In some embodiments, the upper section is a single molded or
machined piece or multiple pieces rigidly connected.
In some embodiments, the rearward section comprises a left rearward
section extending downwardly from the left pivot joint to the left
rear wheel; and a right rearward section extending downwardly from
the right pivot joint to the right rear wheel, wherein the device
has a substantially unobstructed space between the left and right
rearward sections and between the rear wheels such that the
person's feet and legs can swing into the unobstructed space beyond
at least a portion of the rear wheels while the person is
ambulating behind the device.
In some embodiments, the mobility assistance device further
comprises an upper basket configured below the handle, coupled with
the upper section and pivot axis, and extending forward from the
upper section.
In some embodiments, the upper section comprises left and right
side rim portions rigidly coupled with the left and right sides,
respectively, and a forward rim portion rigidly coupled with the
left and right side rim portions and comprising a forward rim
subportion substantially parallel to the pivot axis, wherein the
upper basket is coupled with the left side, right side, and forward
rim portions.
In some embodiments, the upper basket further comprises a plane
configured to be substantially horizontal when the device is in the
deployed configuration, a sidewall coupled with the plane and
comprising a top edge, and a collapsible enclosure comprising an
upper enclosure edge and a lower enclosure edge, wherein the lower
enclosure edge is coupled with the top edge of the sidewall,
wherein the upper enclosure edge is coupled with the left side,
right side, and forward rim portions, and wherein the collapsible
enclosure is configured to at least partially collapse when the
device is in a folded configuration.
In some embodiments, the upper basket further comprises at least
one projection configured underneath the plane and pivotally
coupled with the pivot axis.
In some embodiments, the mobility assistance device further
comprises a lower basket coupled with and extending forward from
the forward section.
In some embodiments, the mobility assistance device further
comprises an upper basket, wherein the lower basket partially
receives the upper basket when the device is in a folded
configuration.
In some embodiments, the forward section comprises left and right
forward rim portions rigidly coupled with the left and right sides
of the forward section, respectively, and a front portion rigidly
coupled to the left and right forward rim portions and having a
front rim subportion substantially parallel to the pivot axis,
wherein the lower basket is coupled with the front portion, the
left forward rim portion, and the right forward rim portion.

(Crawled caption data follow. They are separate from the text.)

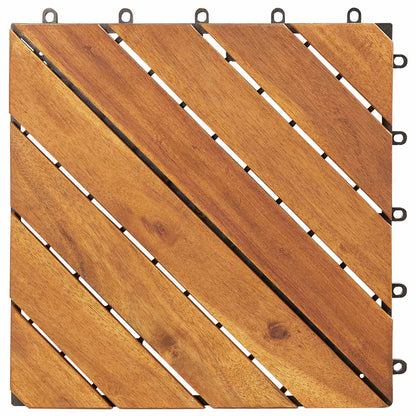Terrassenfliese 10 Stk. Braun 30 x 30 cm Akazien-Hartholz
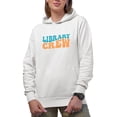 thumbnail image 1 of Library Crew, Librarian Themed, Groovy Retro Wavy Text Merch Gift, White Hooded Sweatshirt or Hoodie, Small, 1 of 5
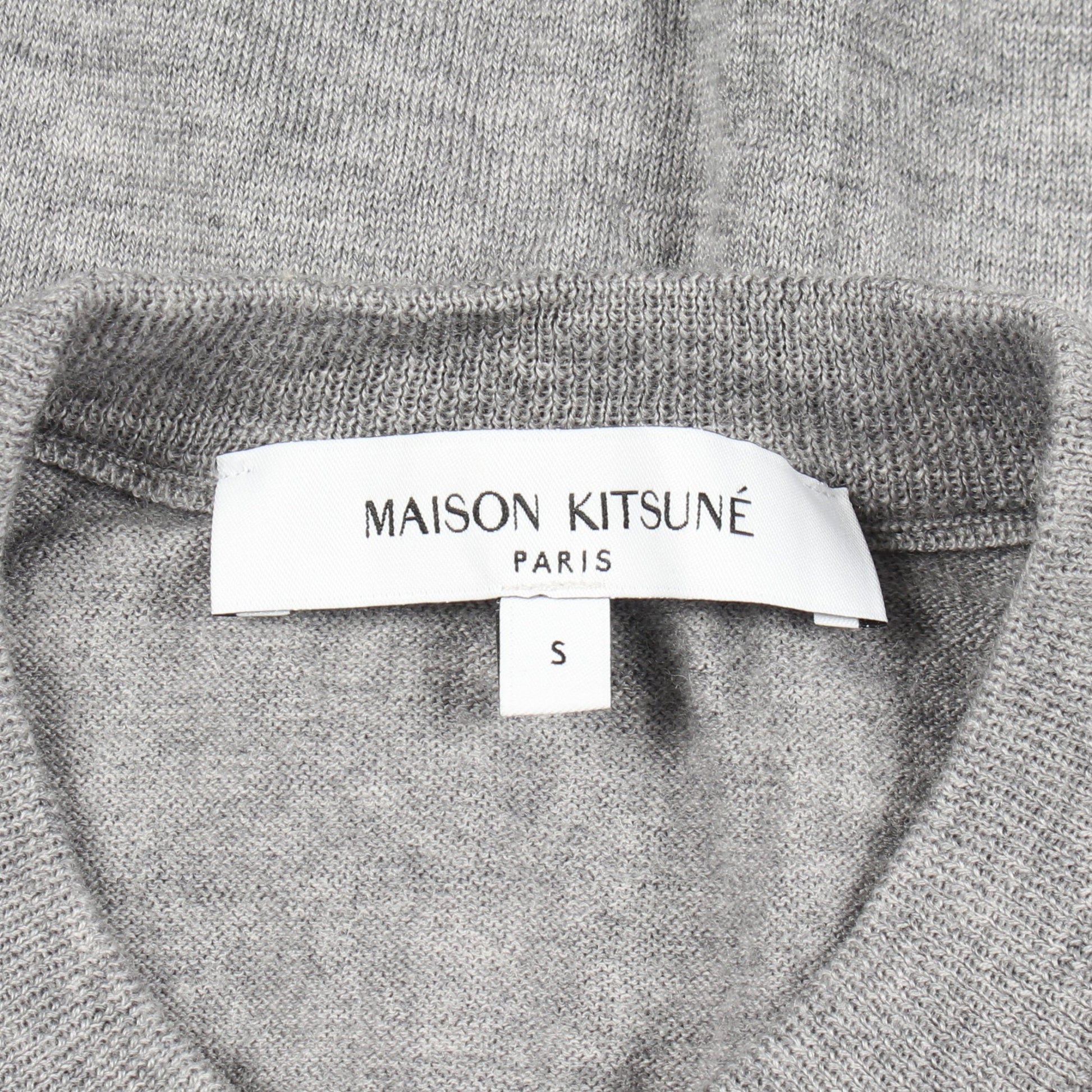 FOXパッチ レギュラー カーディガン ウール グレー メゾンキツネ トップス MAISON KITSUNE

In some embodiments, the upper section, the forward section, and
the rearward section are configured to pivot relative to each other
between folded and deployed configurations.
In some embodiments, in the deployed configuration, the device is
configured to be operated on a surface with the front and rear
wheels on the surface while an operator grasps the handle and
ambulates behind the device.
In some embodiments, in the folded configuration, the device is
configured to be operated on a surface with the front wheels on the
surface while an operator grasps the pivot axis.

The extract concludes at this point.